Note to readers: This story has been changed to reflect the correct rate DeKalb customers are to be charged in the third year of the agreement.
DeKALB – Electricity bills could rise by 55 percent this summer for residents who use the city-selected electricity provider.
During their meeting Monday, DeKalb aldermen approved a three-year agreement with Homefield Energy with rates at 7.237 cents a kilowatt hour for the first two years and 6.307 cents in the third year compared to the current rate of 4.64 cents. The new agreement takes effect July 1.
An average customer who uses 640 kilowatt hours a month would see their bill increase from $29.70 a month to $46.32 for the first two years and to $40.36 a month in the third year.
Officials still are expecting residents will save on their electricity bills when compared with ComEd rates. ComEd’s current rate is 6.04 cents, but is expected to rise to 7.5 cents in June, consultant Mike Mudge with Rock River Energy Services explained to the council. At 7.5 cents, an average monthly ComEd bill would be $48.
Mudge explained that rates from all suppliers are rising because of an increase in the capacity cost that suppliers pay to generators to assure there is enough power produced to meet demands. Some other DeKalb County municipalities, including Sycamore, Hinckley and Lee will review rates later this year.

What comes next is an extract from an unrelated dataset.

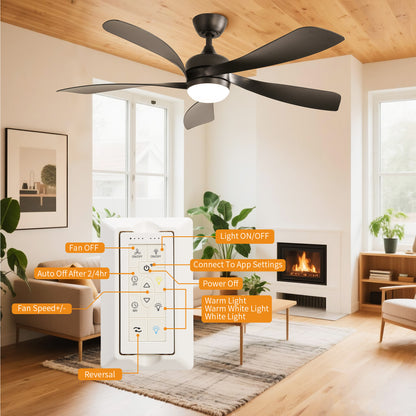 Taimei Sleek 52 in. Ceiling Fan - 5 Precision ABS Blades with Soft LED Light and Whisper-Quiet 6-Speed Remote Control 5_427cdeb0-ae32-4fc9-993d-120ecdb53629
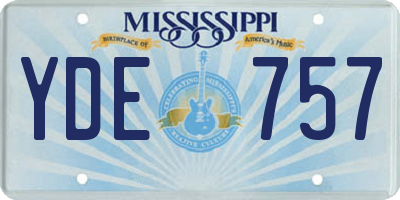 MS license plate YDE757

First Ward Alderman David Jacobson cast the lone “no” vote against the contract.
“I’m worried we’re going to enter our residents into something and it might not be of value to them,” Jacobson said.
Residents can opt out of the program at any time, Mudge said. Mailers with information on how to do that will be sent to residents closer to June when ComEd publishes its rates. Those who already have an alternative energy supplier will not be enrolled automatically.
In 2012, city leaders approved a two-year contract with FirstEnergy Solutions after voters passed a referendum allowing city officials to negotiate a lower, wholesale rate on their behalf. About 8,200 customers are enrolled in the program, which has saved about $2.7 million communitywide.